On March 1 I visited Springfield Illinois while working on an ongoing book project. My wife Rhonda wanted me out of the house for a couple of days for heavy spring cleaning. So I took advantage of an opportunity to visit some of the places I had long wished to visit but never seemed to get to. I visited a few of the markers on Lincoln’s 400-mile 8th judicial court circuit that he regularly traveled as a young lawyer during the 1840s and 1850s. I visited the courthouse in Taylorsville, where Lincoln’s court proceedings were often interrupted by the sounds of squealing pigs rooting under the courthouse floor — once so loudly that Lincoln asked the judge for a “writ of quietus” to calm the commotion. As you might imagine, Illinois is full of interesting Lincoln sites off the beaten path.
The place that I longed to see most was the final resting place of Abraham Lincoln’s first love, Ann Mayes Rutledge. She was born on January 7, 1813, near Henderson, Kentucky, the third of ten children born to Mary Ann Miller Rutledge and James Rutledge. In 1829, her father moved to Illinois and became one of the founders of New Salem, a community located 21 miles northwest of Springfield.
James Rutledge built a dam, sawmill, and gristmill in New Salem and is credited with laying out the town and selling the first lots of land there. In time, he converted his home into a tavern and inn where Ann worked — eventually, she took over the family business. Allegedly, Ann was the first (some say the only) girl to attend New Salem School. She was described as physically beautiful, 5 feet, 3 inches tall, 120 pounds with auburn hair, blue eyes, and a fair complexion. Her attitude was always positive, described as sweet and angelic, beloved by all who knew her. Her schoolteacher, Mentor Graham, described her as beautiful, amiable, kind, and an exceptionally good scholar. In 1832, young Abraham Lincoln boarded at the Rutledge inn, where he got to know her.

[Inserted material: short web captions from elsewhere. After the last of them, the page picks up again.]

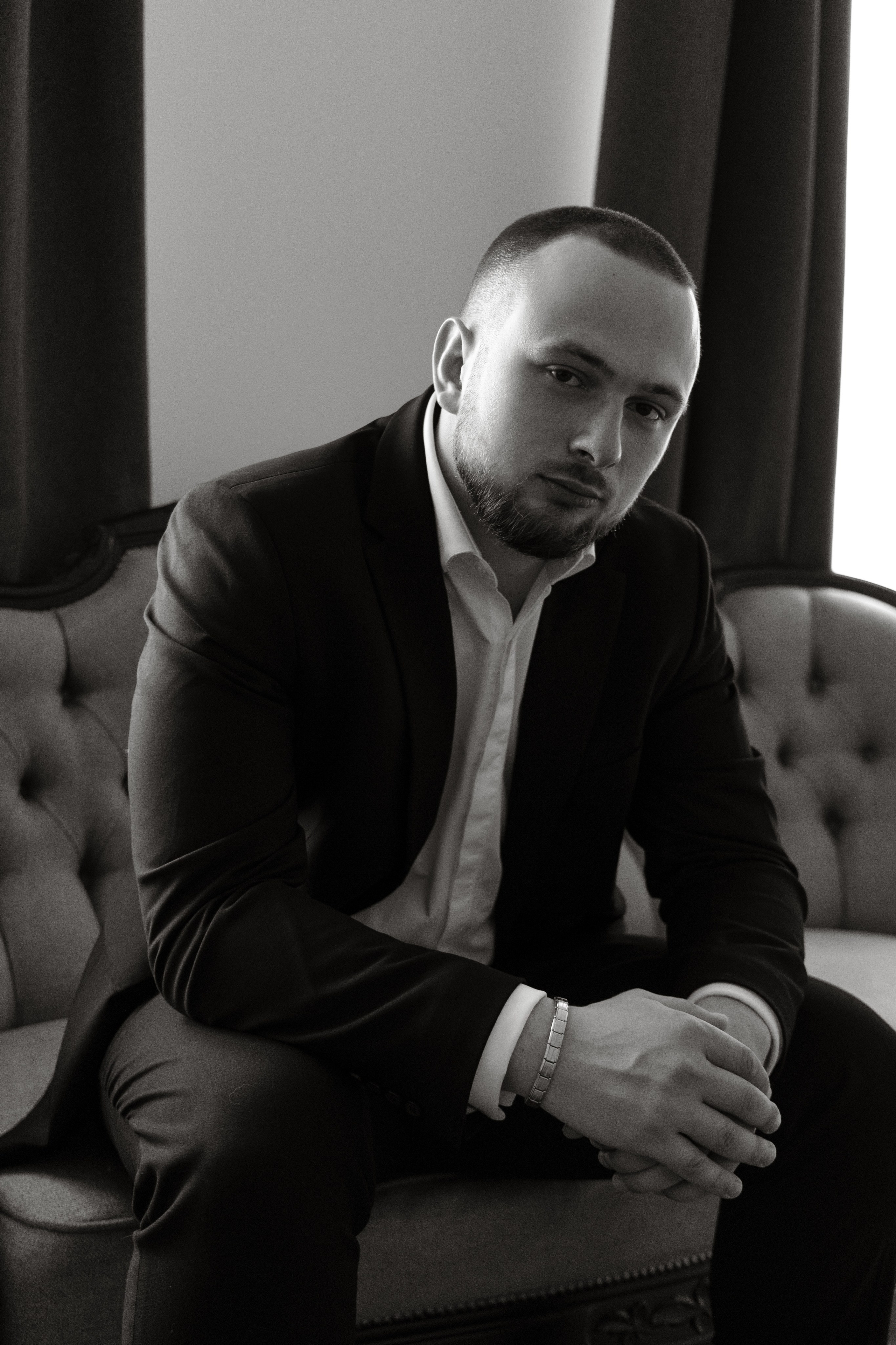 Свадьба Карина и Никиты в Усадьбе. Фотограф в Калининграде Сокирко Светлана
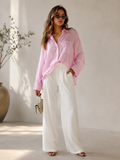 Camicia Semi velata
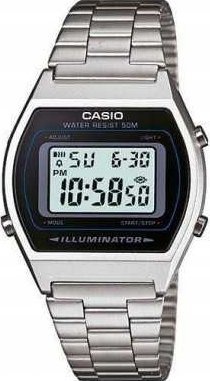 Gravitační hodinky CASIO B640WD-1AVDF Unisex hodinky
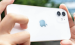我来分享苹果手机怎么共享wifi密码。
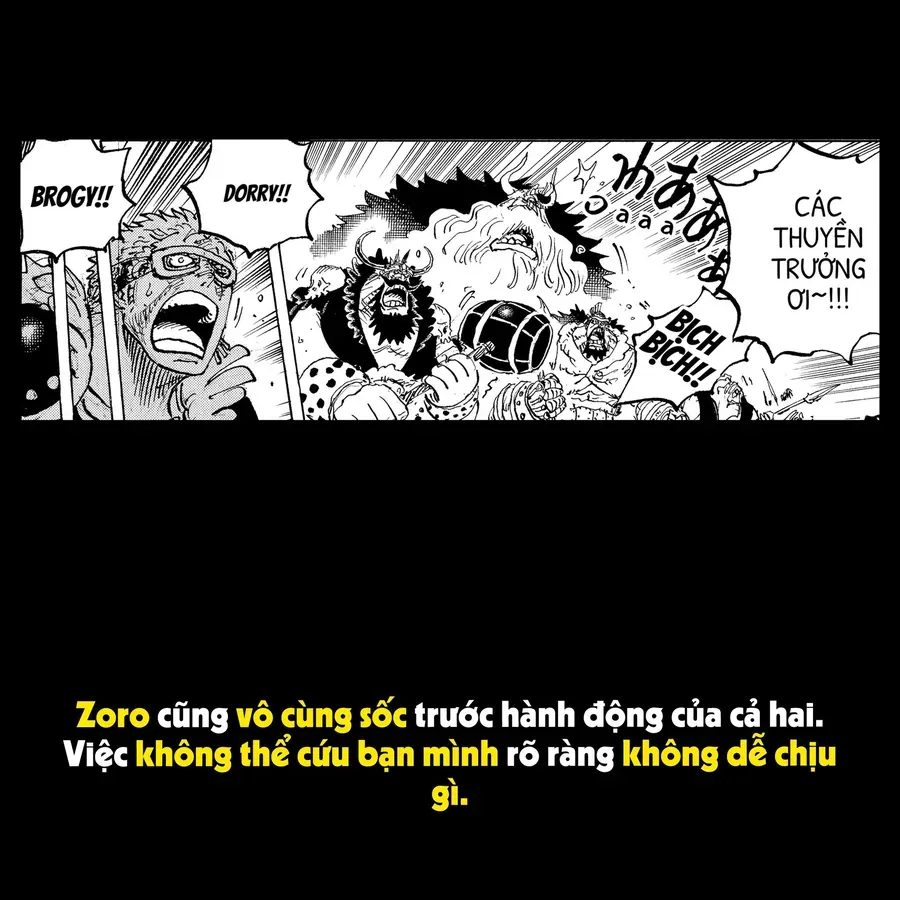 One Piece Chapter 1176.1 - 54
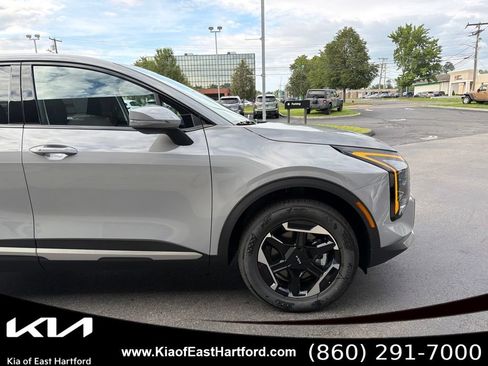 New 2027 Kia Sportage S AWD/4WD image 6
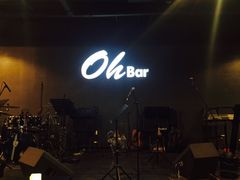 -ohbar live house(人广店)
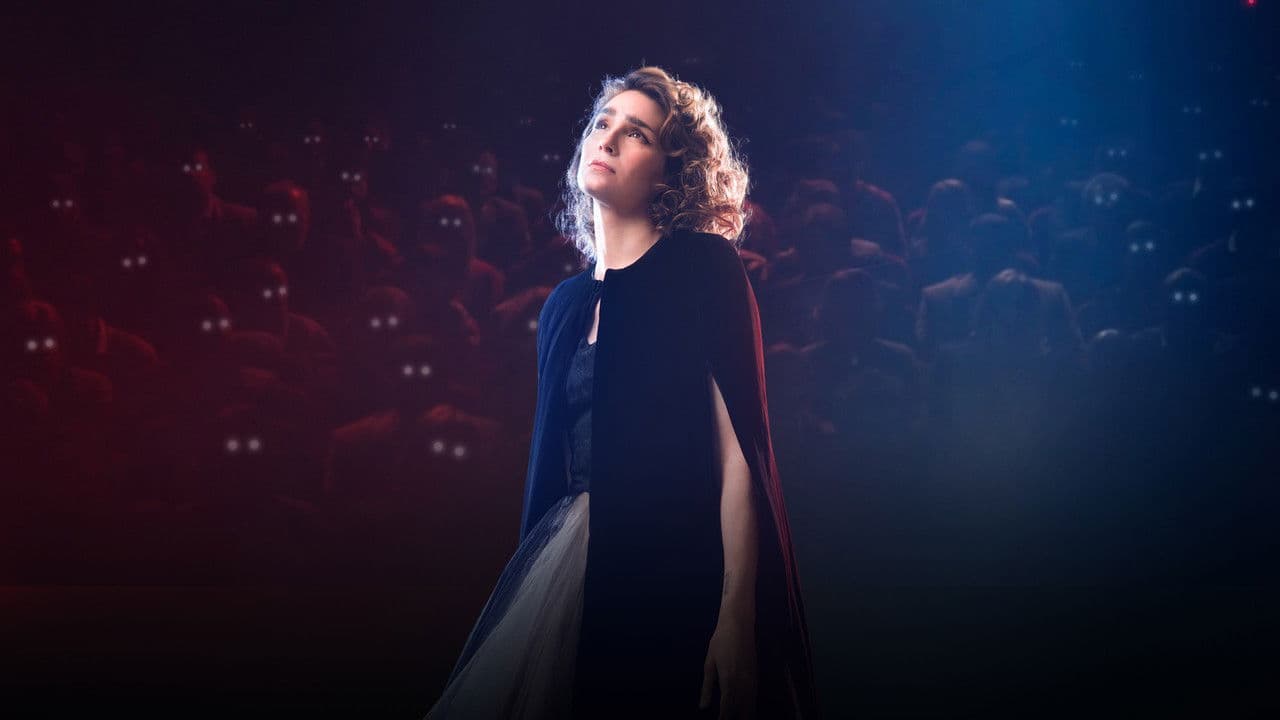 Backdrop – La reina del miedo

While historians may disagree on the depth of her relationship with the rail splitter, there is no doubt that Ann Rutledge knew Abraham Lincoln. Ann died before the invention of photography, so no photos of her exist and no contemporary drawings of her have ever been found. Little in the way of verifiable data survives about Ann. Most of the details of her life were collected by Lincoln’s law partner of 17 years, former Springfield Mayor William Herndon. Billy was among the first to research those early years of Lincoln. While researching his book on Lincoln, Herndon retraced Lincoln’s tracks through central Illinois and southern Indiana. Billy Herndon did not care for Mary Lincoln and the feeling was mutual. So it comes as no surprise that Herndon was the first to push the relationship between Abraham and Ann.

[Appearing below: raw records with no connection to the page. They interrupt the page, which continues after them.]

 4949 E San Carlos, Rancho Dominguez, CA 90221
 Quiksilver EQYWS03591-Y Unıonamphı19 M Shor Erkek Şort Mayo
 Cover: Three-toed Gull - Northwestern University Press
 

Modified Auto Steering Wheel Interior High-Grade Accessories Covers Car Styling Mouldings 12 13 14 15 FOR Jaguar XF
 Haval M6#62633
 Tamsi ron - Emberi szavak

Herndon’s details about Ann’s life came from people that knew Ann in New Salem, witnesses that historians have called “Herndon’s informants.” Rutledge neighbor James Short described Ann as “a good looking, smart, lively girl, a good housekeeper, with a moderate education.” Likewise, Harvey Lee Ross, a boarder at the Rutledge family tavern in New Salem described Ann as “very handsome and attractive, as well as industrious and sweet-spirited. I seldom saw her when she was not engaged in some occupation – knitting, sewing, waiting on tables, etc…I think she did the sewing for the entire family. Lincoln was boarding at the tavern and fell deeply in love with Ann, and she was no less in love with him. They were engaged to be married, but they had been putting off the wedding for a while, as he wanted to accumulate a little more property and she wanted to go longer to school.” When interviewed by Herndon, Ann’s family testified that Lincoln was certainly smitten with Ann.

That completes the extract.